The national assembly of the Church of England has voted to bring together two of its charities, the Archbishops’ Council and Church of England Central Services, as part of a governance review.
Following the General Synod’s vote on Saturday, the change will see both organisations replaced by a new charity called the Church of England National Services (CENS).
If approved by Parliament, CENS will also take over non-investment functions from the institution’s largest central charity, the Church Commissioners, and most of those currently held by the offices of the archbishops of Canterbury and York.
The Church of England said the vote was the result of “a four-year process designed to simplify and transform the church’s national structures to better serve, support and encourage local churches”.
The synod, which is meeting from 11 to 15 July in York, also agreed to increase the church’s national spending from £1.2bn in 2023-25 to £1.6bn in 2026-28 due to “strong investment performance and a rigorous actuarial process”.
The Church of England said the £1.6bn “will support a major package of measures for clergy wellbeing and a focus on supporting parishes in the lowest income communities in the country, as well as other key priorities including safeguarding and redress”.
“This represents an increase of 36% on the current triennium, amounting to the biggest distribution in the church’s history,” it said in a statement.
Commissioners’ investment assets rise to £11.1bn
Meanwhile, the Church Commissioners’ investment assets stood at £11.1bn last year, compared with £10.4bn the previous year, according to the charity’s latest annual report.
Financial data for the year ending 31 December 2024 shows that last year, the Church of England’s endowment fund, which is administered by the Church Commissioners, generated a total return of 10.3%, compared with 4.1% the year before and an average return of 8.6% per annum over the past decade.
The report, published last month, says that despite a year of “significant geopolitical uncertainty”, the Church Commissioners distributed £283m, excluding pre-1998 clergy pensions, a £60.2m year-on-year increase.
Its total income increased by £15.4m to £207m last year, while total expenditure fell by £124m to £370m.
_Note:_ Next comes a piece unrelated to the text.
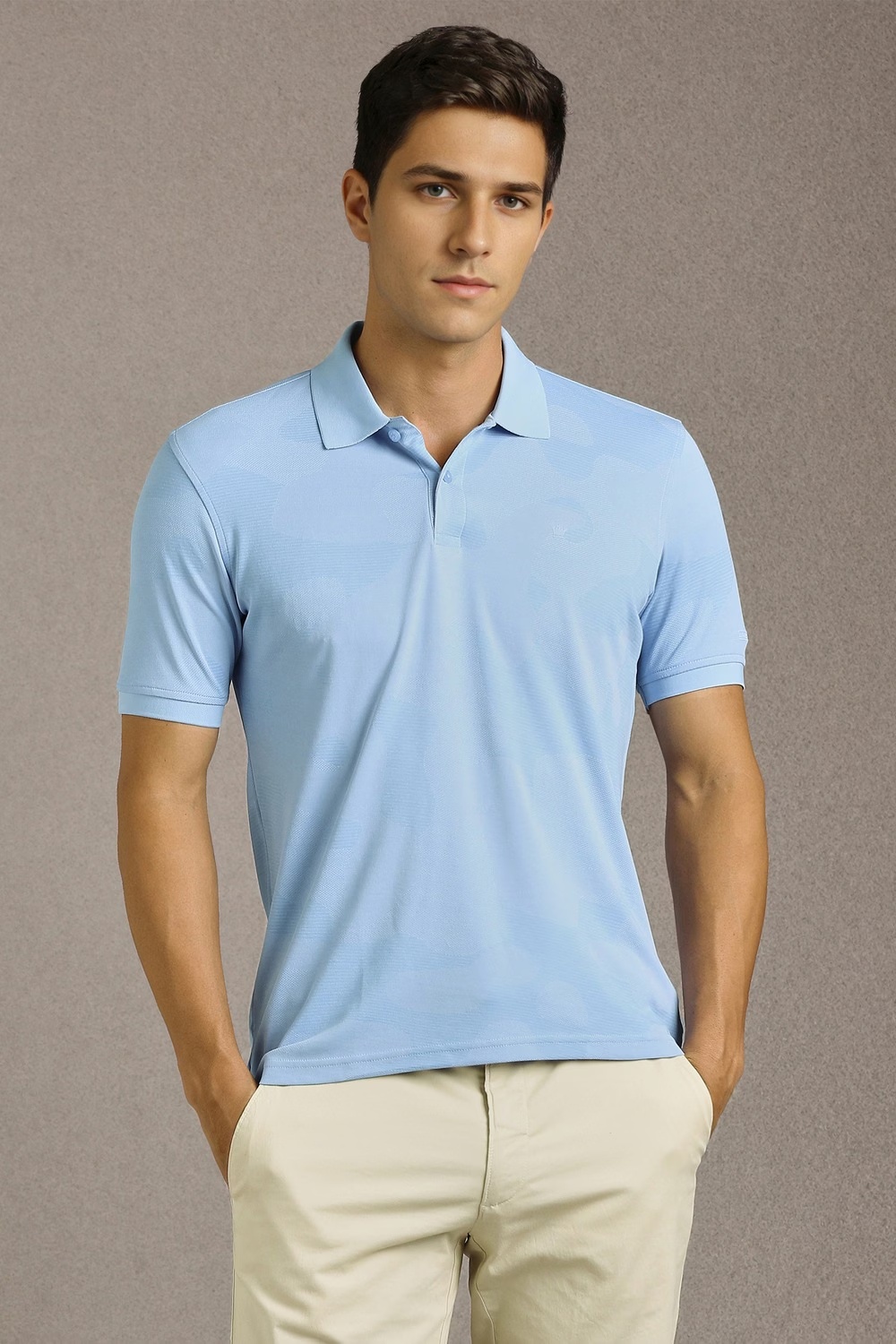 67145-men-light-blue-textured-polo-neck-t-shirt-light-blue-1.jpg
Meanwhile, its total net assets stood at £9.89bn (2023: £9.1bn).
Learning from safeguarding failures
The Archbishops’ Council has also recently published its annual report and financial statements for the year to 31 December 2024.
Its report shows that the council recorded a total income of £236m against total expenditure of £229m, with the £47m increase in costs mainly attributed to more grants being awarded.
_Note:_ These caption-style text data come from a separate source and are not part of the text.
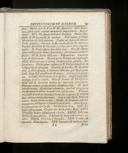 Seite 159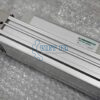 CKD SRL3-00-40B-900-B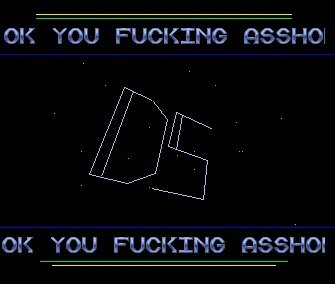 Cad's Demo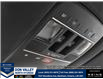 2026 Hyundai Palisade Ultimate Calligraphy (Stk: 16105767) in Markham - Image 19 of 25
The report cites recent safeguarding reviews, including Keith Makin’s investigation into the Church of England’s historic handling of allegations of serious abuse by the late John Smyth, which have raised concerns about the institution’s processes and procedures.
“During this difficult and challenging year, we’ve come to a greater realisation that we – as the council, the church and as individuals – haven’t done all we could and should have done in responding to victims and survivors of abuse,” it reads.
“The council laments and repents of this failure and is committed to learning from it. Following the report from Sarah Wilkinson, trustees have participated in trauma-informed training as we continue to work towards a more victim-centred safeguarding approach.
“We hope that our revised guidance, survivor engagement and promotion of legislative changes, including the ongoing work towards the establishment of the national redress scheme, illustrate this.”
The national redress scheme, which will be administered by law firm Kennedys, is underway and should complete the synodical stages this year, pending legislative approval.
The scheme should be available to “survivors of sexual, physical, financial, psychological and emotional (including spiritual) abuse or neglect, where it was committed (in England or elsewhere) by a person acting under the authority of the Church of England,” the report reads.